RECORDS FOR THIS EXERCISE section start

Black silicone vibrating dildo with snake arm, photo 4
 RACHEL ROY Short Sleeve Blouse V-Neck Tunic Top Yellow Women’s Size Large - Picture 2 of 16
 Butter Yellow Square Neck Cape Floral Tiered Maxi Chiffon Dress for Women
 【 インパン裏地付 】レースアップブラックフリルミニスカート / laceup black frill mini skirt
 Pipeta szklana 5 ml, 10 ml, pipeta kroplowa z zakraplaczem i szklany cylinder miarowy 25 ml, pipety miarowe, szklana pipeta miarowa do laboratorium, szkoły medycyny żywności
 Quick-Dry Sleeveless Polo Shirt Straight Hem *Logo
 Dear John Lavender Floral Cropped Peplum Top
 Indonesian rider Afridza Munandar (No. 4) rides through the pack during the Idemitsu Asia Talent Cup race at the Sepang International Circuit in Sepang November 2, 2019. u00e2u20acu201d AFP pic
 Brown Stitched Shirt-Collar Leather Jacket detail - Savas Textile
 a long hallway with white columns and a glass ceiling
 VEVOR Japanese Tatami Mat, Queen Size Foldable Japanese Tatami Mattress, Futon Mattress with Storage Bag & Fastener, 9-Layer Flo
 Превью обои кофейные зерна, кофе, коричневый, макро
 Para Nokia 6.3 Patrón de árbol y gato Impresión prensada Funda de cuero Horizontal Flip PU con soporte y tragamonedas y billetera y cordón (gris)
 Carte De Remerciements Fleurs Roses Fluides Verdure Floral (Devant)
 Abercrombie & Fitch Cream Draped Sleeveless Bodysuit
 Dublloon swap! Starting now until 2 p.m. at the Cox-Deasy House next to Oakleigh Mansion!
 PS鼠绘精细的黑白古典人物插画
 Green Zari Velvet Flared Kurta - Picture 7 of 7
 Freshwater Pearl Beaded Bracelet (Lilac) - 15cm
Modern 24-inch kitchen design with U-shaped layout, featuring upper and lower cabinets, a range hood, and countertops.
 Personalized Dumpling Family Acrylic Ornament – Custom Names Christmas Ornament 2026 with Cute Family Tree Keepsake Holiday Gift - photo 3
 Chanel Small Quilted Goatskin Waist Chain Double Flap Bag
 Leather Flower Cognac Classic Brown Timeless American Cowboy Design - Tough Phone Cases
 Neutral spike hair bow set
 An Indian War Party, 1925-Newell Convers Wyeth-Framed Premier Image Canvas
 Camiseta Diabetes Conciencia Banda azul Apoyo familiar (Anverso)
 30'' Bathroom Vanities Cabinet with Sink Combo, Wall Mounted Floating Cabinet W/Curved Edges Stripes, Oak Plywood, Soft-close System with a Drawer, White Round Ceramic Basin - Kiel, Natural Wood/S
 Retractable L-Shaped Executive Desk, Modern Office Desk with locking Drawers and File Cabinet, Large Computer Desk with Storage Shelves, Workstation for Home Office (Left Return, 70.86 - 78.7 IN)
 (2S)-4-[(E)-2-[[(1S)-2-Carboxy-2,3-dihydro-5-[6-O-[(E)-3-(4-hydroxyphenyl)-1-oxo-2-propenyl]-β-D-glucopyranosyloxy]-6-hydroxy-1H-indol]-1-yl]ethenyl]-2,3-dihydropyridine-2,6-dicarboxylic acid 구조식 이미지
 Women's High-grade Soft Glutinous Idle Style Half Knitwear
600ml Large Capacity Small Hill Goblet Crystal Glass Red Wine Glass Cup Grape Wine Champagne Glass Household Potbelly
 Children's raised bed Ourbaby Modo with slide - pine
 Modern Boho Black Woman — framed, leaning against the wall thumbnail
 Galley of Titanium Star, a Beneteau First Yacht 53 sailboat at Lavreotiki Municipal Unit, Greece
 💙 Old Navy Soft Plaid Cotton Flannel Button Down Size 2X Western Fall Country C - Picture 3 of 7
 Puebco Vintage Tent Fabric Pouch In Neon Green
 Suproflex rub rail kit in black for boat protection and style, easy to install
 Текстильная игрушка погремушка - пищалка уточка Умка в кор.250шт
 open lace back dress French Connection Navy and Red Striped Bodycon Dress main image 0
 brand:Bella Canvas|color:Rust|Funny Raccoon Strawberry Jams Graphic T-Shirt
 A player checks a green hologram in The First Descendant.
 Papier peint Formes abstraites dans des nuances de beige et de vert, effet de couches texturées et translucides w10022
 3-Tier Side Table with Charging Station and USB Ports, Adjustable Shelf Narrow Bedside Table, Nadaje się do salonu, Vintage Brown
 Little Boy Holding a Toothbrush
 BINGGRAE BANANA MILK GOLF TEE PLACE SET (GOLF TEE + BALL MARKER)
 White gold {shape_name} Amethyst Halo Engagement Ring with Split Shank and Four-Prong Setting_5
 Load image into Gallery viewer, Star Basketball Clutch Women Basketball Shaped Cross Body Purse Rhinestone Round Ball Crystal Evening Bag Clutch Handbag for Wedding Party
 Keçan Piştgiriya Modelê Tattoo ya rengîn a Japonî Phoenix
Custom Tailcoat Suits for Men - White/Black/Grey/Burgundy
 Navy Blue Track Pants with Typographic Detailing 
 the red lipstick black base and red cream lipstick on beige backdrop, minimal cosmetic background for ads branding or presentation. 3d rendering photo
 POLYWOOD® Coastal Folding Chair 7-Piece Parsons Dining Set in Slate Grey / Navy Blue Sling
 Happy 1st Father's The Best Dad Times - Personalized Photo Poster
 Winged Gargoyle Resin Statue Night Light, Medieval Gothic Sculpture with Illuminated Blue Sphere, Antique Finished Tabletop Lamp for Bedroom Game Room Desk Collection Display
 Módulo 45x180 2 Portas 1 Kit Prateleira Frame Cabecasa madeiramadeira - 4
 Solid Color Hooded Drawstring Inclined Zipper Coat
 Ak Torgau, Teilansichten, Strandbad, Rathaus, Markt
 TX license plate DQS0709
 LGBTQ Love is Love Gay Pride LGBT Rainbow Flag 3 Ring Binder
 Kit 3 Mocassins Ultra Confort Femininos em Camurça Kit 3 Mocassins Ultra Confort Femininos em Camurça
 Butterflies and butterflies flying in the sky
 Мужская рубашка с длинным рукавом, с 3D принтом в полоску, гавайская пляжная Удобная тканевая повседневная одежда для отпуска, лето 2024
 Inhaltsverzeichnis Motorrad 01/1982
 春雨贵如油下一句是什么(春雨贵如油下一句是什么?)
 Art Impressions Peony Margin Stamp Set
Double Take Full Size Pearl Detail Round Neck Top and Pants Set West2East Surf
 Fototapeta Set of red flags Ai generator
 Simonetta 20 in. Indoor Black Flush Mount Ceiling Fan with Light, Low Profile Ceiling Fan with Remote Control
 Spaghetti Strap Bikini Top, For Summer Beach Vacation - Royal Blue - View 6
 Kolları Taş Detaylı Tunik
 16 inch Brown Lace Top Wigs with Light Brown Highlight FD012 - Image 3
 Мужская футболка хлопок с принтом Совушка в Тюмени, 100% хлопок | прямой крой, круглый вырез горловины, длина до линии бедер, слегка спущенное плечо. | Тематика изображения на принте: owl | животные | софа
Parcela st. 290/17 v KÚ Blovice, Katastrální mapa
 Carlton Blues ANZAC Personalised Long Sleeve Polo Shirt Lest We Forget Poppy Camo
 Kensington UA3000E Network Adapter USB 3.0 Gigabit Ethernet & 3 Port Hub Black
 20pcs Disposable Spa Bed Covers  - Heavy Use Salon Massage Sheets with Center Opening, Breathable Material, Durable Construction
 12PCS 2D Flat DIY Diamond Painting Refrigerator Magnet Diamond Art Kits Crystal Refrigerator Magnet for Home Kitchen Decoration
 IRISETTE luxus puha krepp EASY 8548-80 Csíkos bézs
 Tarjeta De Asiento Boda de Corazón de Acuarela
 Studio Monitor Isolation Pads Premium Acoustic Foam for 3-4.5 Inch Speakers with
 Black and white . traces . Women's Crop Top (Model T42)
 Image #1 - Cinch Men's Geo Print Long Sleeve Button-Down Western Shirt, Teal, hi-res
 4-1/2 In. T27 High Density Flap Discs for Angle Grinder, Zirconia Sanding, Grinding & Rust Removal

RECORDS FOR THIS EXERCISE section end

What you give back should be exactly the lines of the data above from the line with "Camiseta Diabetes Conciencia" through the line with "30'' Bathroom Vanities", both of those included, and nothing more.

**SOLUTION TO THIS TASK**
 Camiseta Diabetes Conciencia Banda azul Apoyo familiar (Anverso)
 30'' Bathroom Vanities Cabinet with Sink Combo, Wall Mounted Floating Cabinet W/Curved Edges Stripes, Oak Plywood, Soft-close System with a Drawer, White Round Ceramic Basin - Kiel, Natural Wood/S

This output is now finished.